I guess my biggest question is why is there the need for LLFIO_CATCH_SPECIFIC_BEGIN/LLFIO_CATCH_SPECIFIC_END?

I assume you mean instead of just using LLFIO_CATCH?

Going back to the same example with exceptions:

catch (const std::exception &e) {
    std::string msg("path_discovery::verified_temporary_directories() saw exception thrown: ");
    msg.append(e.what());
    LLFIO_LOG_FATAL(nullptr, msg.c_str());
    abort();
}

The catch block actually uses the declared catch variable (in msg.append(e.what());). LLFIO_CATCH would replace the entire catch statement (catch (const std::exception &e)) with just an if (false), meaning e wouldn't be declared and thus the catch block can't compile.


Also you can't implement LLFIO_THROW like you have.

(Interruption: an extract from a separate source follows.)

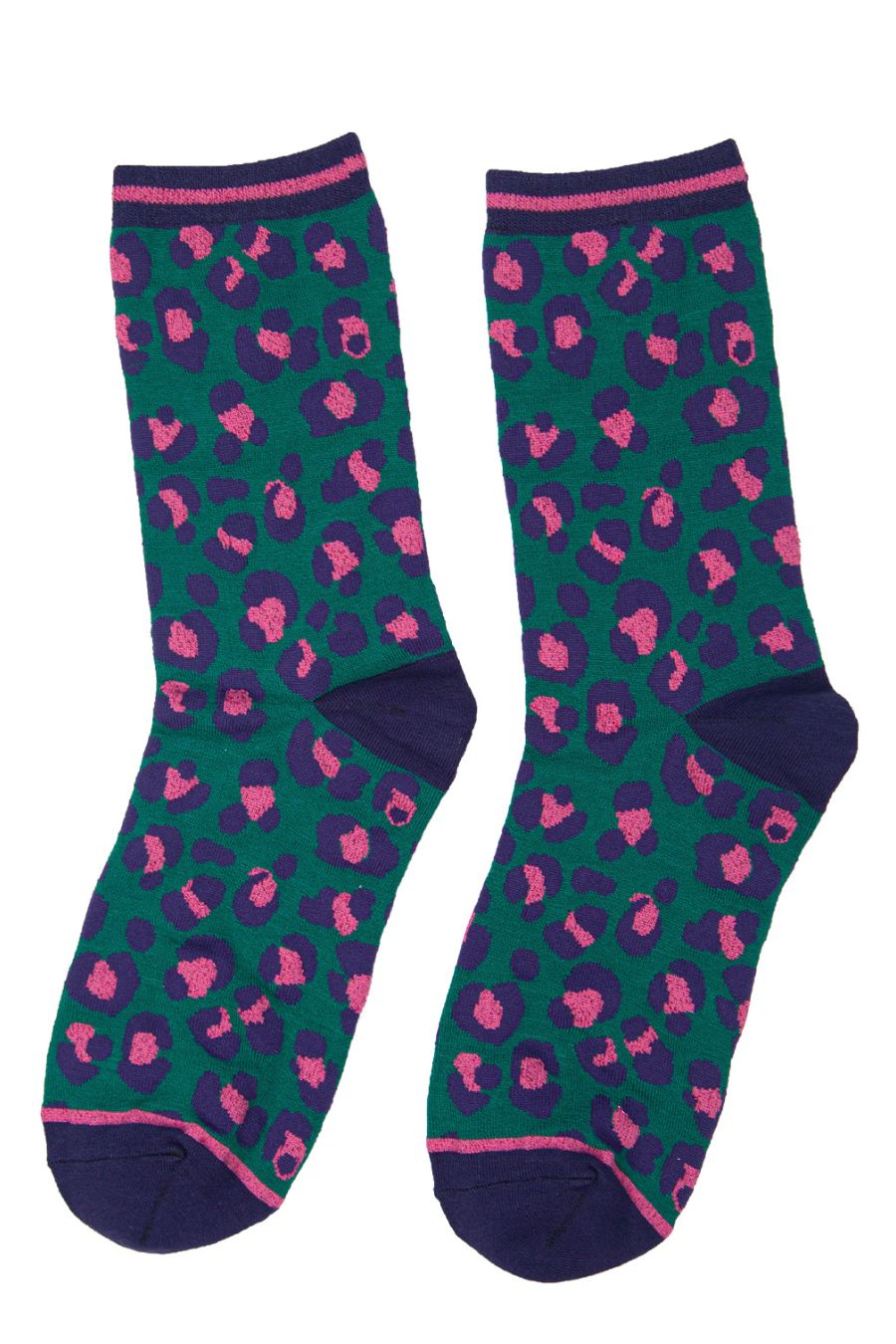 green bamboo ankle socks with an all over pink animal print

Constructing exception objects is not side effect free (especially our exception objects). I'd suggest therefore LLFIO_THROW(...).

I implemented LLFIO_THROW based on the libstdc++ docs, but only found actual use cases which just rethrow the caught exception (i.e. just use throw by itself), so I didn't really have a solution for the side effects when I made the PR.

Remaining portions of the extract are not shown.